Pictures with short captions
□ □ □

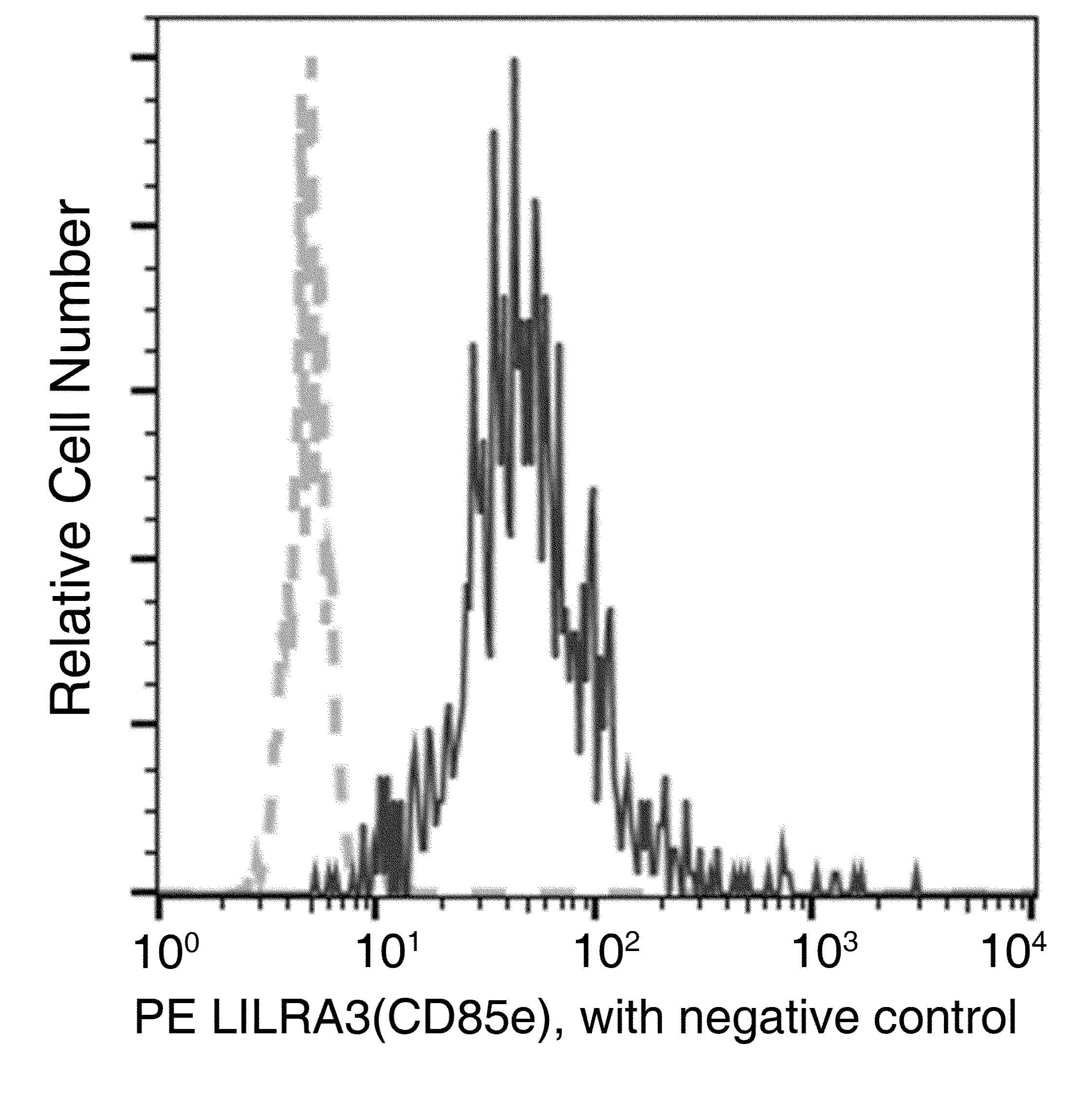 LILRA3 / CD85e Antibody (clone 060, PE)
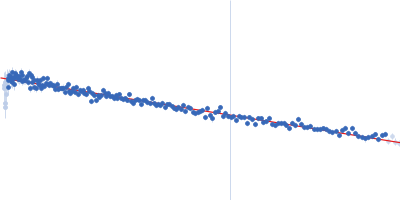 UV excision repair protein RAD23 homolog B (∆1-79) Guinier plot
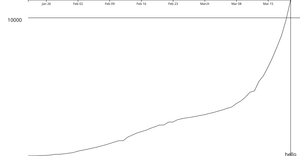 coronavirus Line Chart Practice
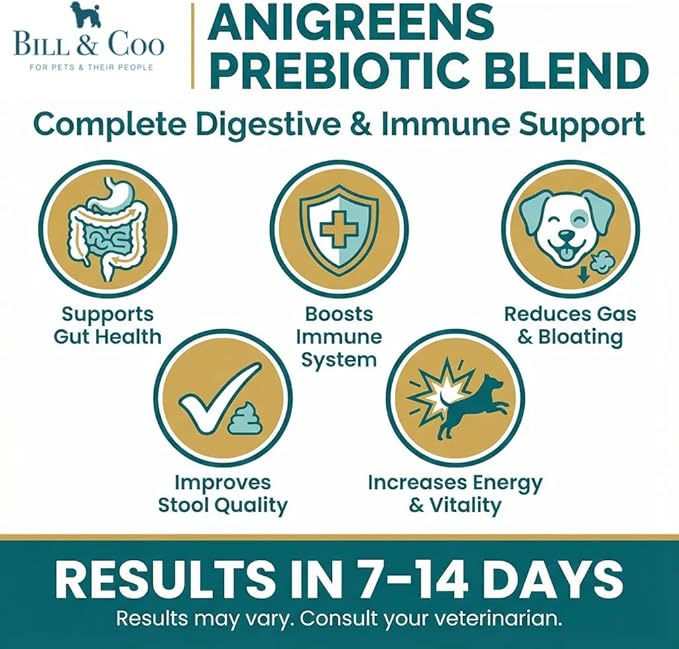 BILL &COO Anigreens Prebiotic & Probiotics for Dogs, Formulated with Special Fibers Digestive Enzymes, Dog/Cat Probiotics for Digestive Health & General Gut Balance to Immune Support of Your Pets,90g
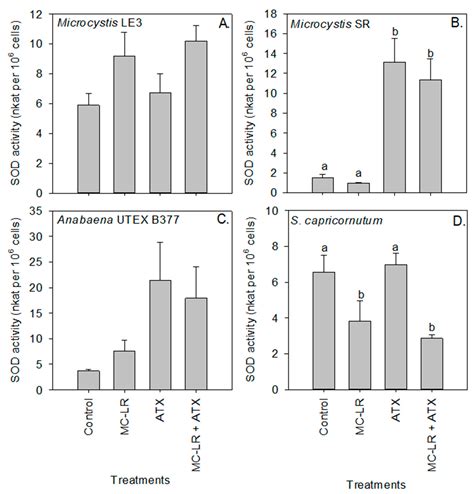 Toxins | Free Full-Text | The Individual and Combined Effects of the Cyanotoxins, Anatoxin-a and ...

□ □ □

• _Exercise description_:
The answer should consist of all the records, duplicated exactly, with no images included.

• _Written response_:
 LILRA3 / CD85e Antibody (clone 060, PE)
 UV excision repair protein RAD23 homolog B (∆1-79) Guinier plot
 coronavirus Line Chart Practice
 BILL &COO Anigreens Prebiotic & Probiotics for Dogs, Formulated with Special Fibers Digestive Enzymes, Dog/Cat Probiotics for Digestive Health & General Gut Balance to Immune Support of Your Pets,90g
 Toxins | Free Full-Text | The Individual and Combined Effects of the Cyanotoxins, Anatoxin-a and ...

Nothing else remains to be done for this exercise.